Dabigatran wird rasch aus dem Gastrointestinaltrakt resorbiert, jedoch ist die Bioverfügbarkeit gering und liegt zwischen 3–7 %. Die maximale Plasmakonzentration wird 0,5–2 Stunden nach oraler Gabe erreicht. Bei postoperativen Patienten (insbesondere am ersten Tag nach der Operation) wurde eine verminderte Resorption und eine verlängerte Zeit bis zur maximalen Konzentration (ca. 6 Stunden) beobachtet. Die gleichzeitige Einnahme mit Nahrung verzögert die Zeit bis zur maximalen Konzentration ebenfalls um etwa 2 Stunden. Die Verabreichung des Arzneimittels ohne die HPMC-Kapselhülle erhöht die Bioverfügbarkeit um etwa 75 %; daher muss auf eine ordnungsgemäße Einnahme geachtet werden (die Kapsel muss im Ganzen geschluckt werden).
Dabigatran ist zu 34–35 % an Plasmaproteine gebunden.
Das Arzneimittel liegt als Dabigatranetexilat vor, einem Prodrug, das in das pharmakologisch wirksame Dabigatran umgewandelt wird. Die wichtigste metabolische Reaktion von Dabigatran ist die esterasevermittelte Hydrolyse. Cytochrom P450 ist am Metabolismus dieses Arzneimittels nicht beteiligt.
Dabigatran wird zu 85 % unverändert über den Urin ausgeschieden, während der verbleibende Anteil der Dosis als Glucuronidkonjugate über die Galle mit dem Stuhl ausgeschieden wird. Die Eliminationshalbwertszeit beträgt nach wiederholter Gabe 12–14 Stunden.
⚠️ Warnhinweise
Die Anwendung von Dabigatran kann schwere Blutungen (an jeder Stelle) verursachen.

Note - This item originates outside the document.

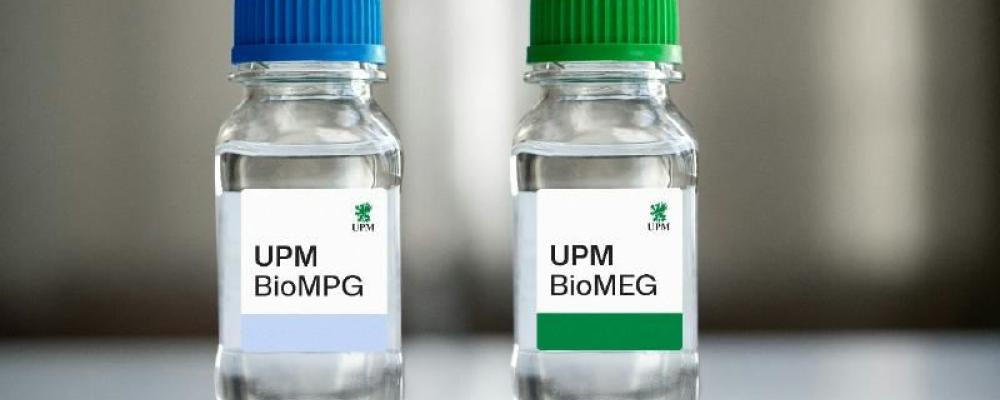 Photo: UPM
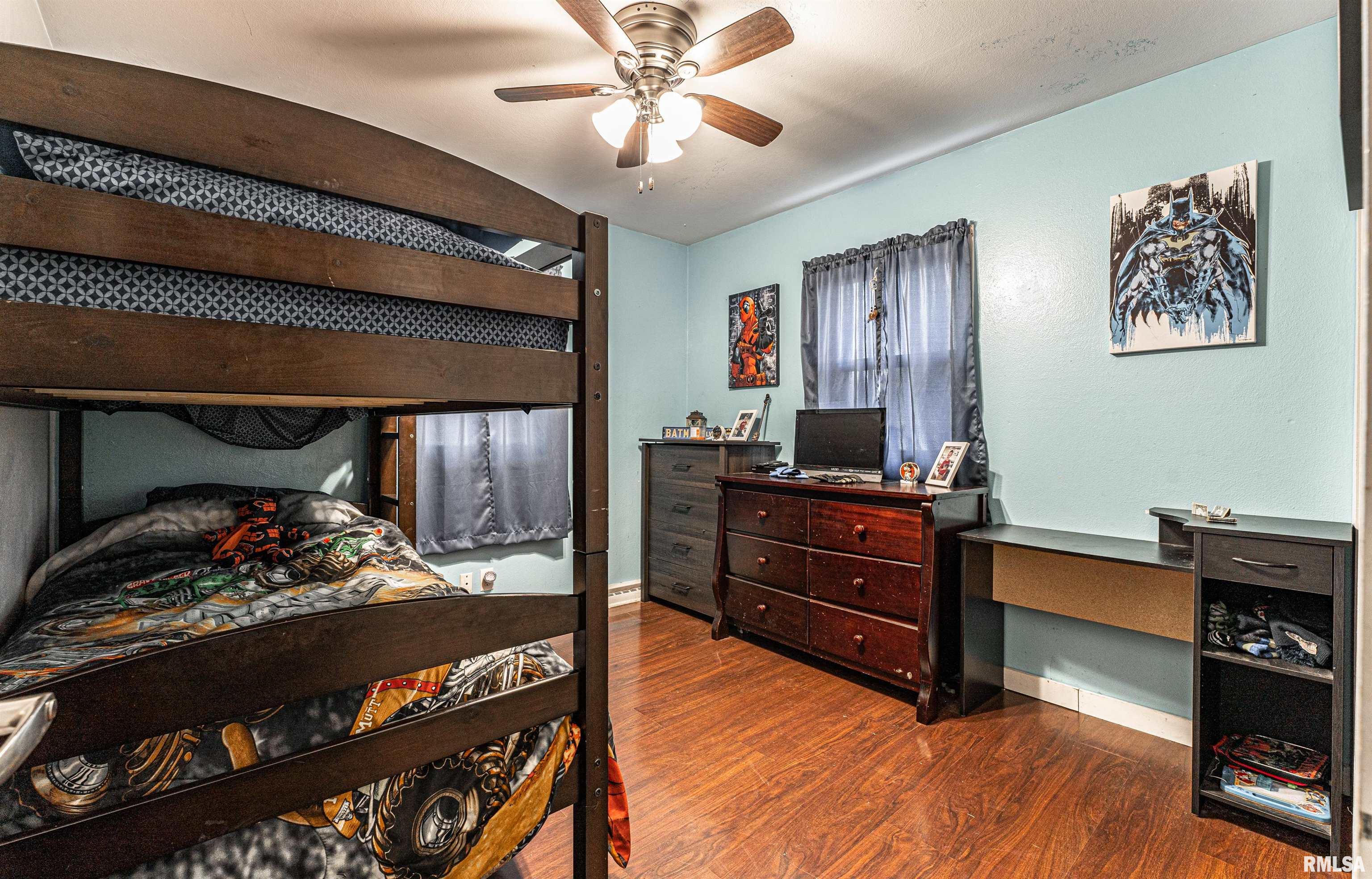 1306 Nicholson Road Lincoln, IL 62656 - Photo 16 of 28 Gallery Image 16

Das Blutungsrisiko ist bei Patienten über 75 Jahren, bei Patienten mit angeborenen Gerinnungsstörungen, bei Patienten, die gleichzeitig Thrombozytenaggregationshemmer erhalten, usw. erhöht. Bei sehr schweren Blutungen muss die Behandlung abgesetzt werden. Zur Blutungsprophylaxe werden Protonenpumpeninhibitoren (z. B. Pantoprazol, Omeprazol) empfohlen.

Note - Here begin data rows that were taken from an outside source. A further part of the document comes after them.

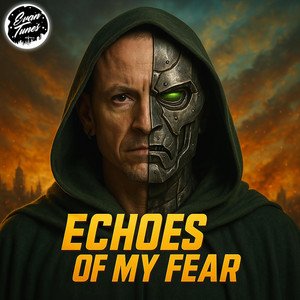 Echoes Of My Fear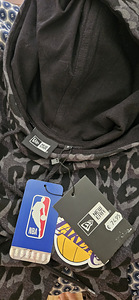 Lakers S meeste pusa. (2 foto / 2)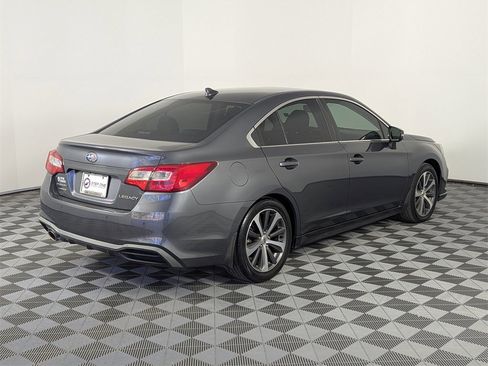 Used 2018 Subaru Legacy 2.5i Limited image 5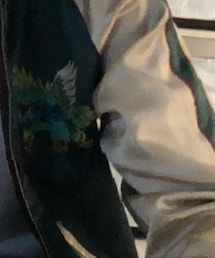 TAILOR TOYO | スカジャン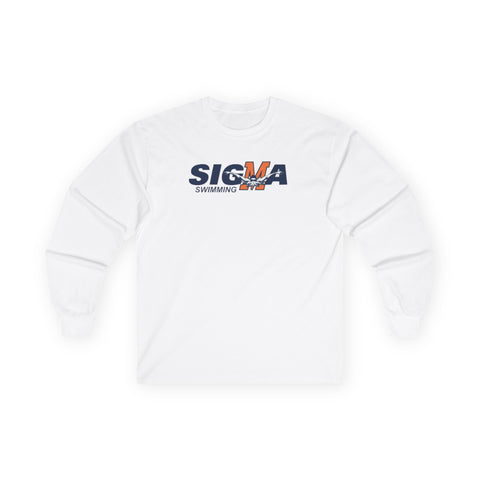 Sigma Swimming Long Sleeve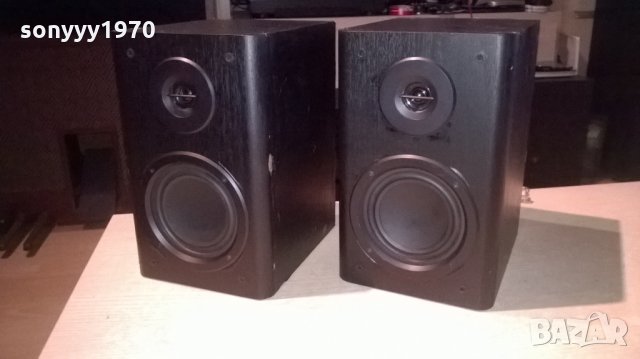 akai 2x50w speaker system-внос швеицария, снимка 4 - Тонколони - 24020340
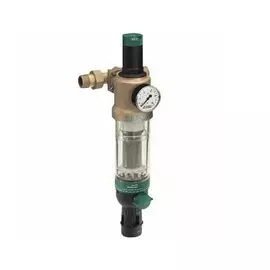 Магистральный фильтр с присоединительным диаметром 1" Honeywell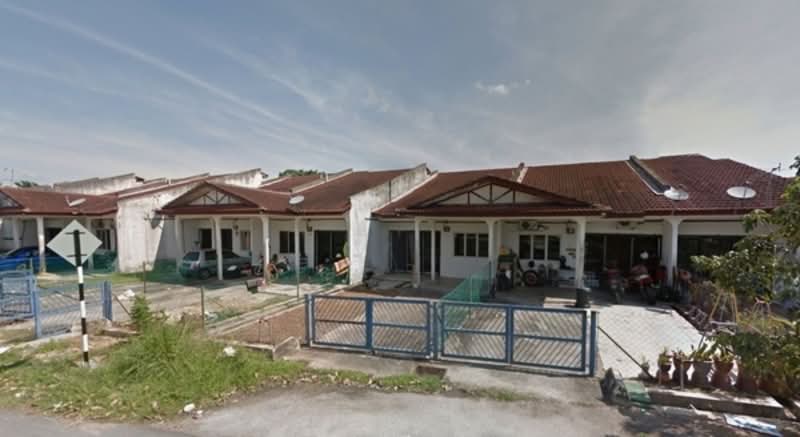 Taman Paduka - iProperty.com.my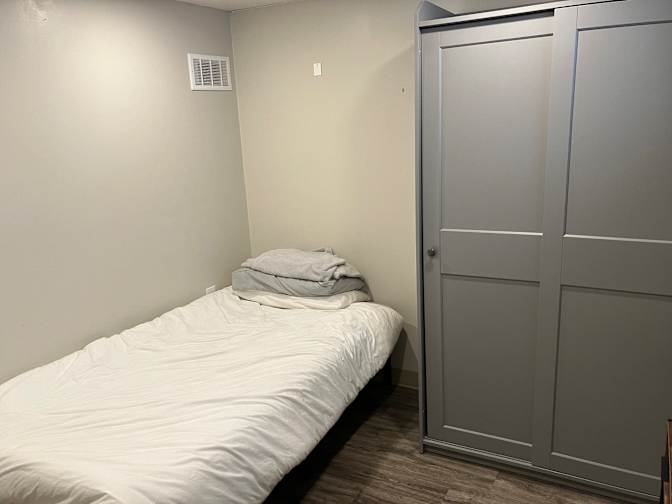 Jonathan's room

Die Beurteilung der gerinnungshemmenden Wirkung von Dabigatran mittels der International Normalized Ratio (INR) liefert keine zuverlässigen Ergebnisse; daher werden andere Methoden empfohlen, wie die verdünnte Thrombinzeit, die aktivierte partielle Thromboplastinzeit (aPTT) und die Ecarin-Gerinnungszeit.

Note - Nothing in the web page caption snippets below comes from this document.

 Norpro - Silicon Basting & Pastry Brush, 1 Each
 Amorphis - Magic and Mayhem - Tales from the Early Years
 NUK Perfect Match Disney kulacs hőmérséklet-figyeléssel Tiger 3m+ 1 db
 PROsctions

Geplante chirurgische Eingriffe können ein Absetzen von Dabigatran aufgrund des Risikos schwerer Blutungen erfordern. Dies gilt nicht für die Kardioversion und die Katheterablation bei Vorhofflimmern. Die verlängerte Arzneimittel-Clearance bei Patienten mit Nierenfunktionsstörung ist zu berücksichtigen. Der erforderliche Abstand zwischen der letzten Dabigatran-Dosis und dem Beginn des chirurgischen Eingriffs beträgt 24 Stunden, bei invasiveren Eingriffen 2–4 Tage. Bei notfallmäßigen chirurgischen Eingriffen wird das spezifische Antidot für Dabigatran (Idarucizumab) verabreicht. In solchen Situationen ist eine Wiederaufnahme von Dabigatran nach 24 Stunden möglich, sofern der Zustand des Patienten stabil ist.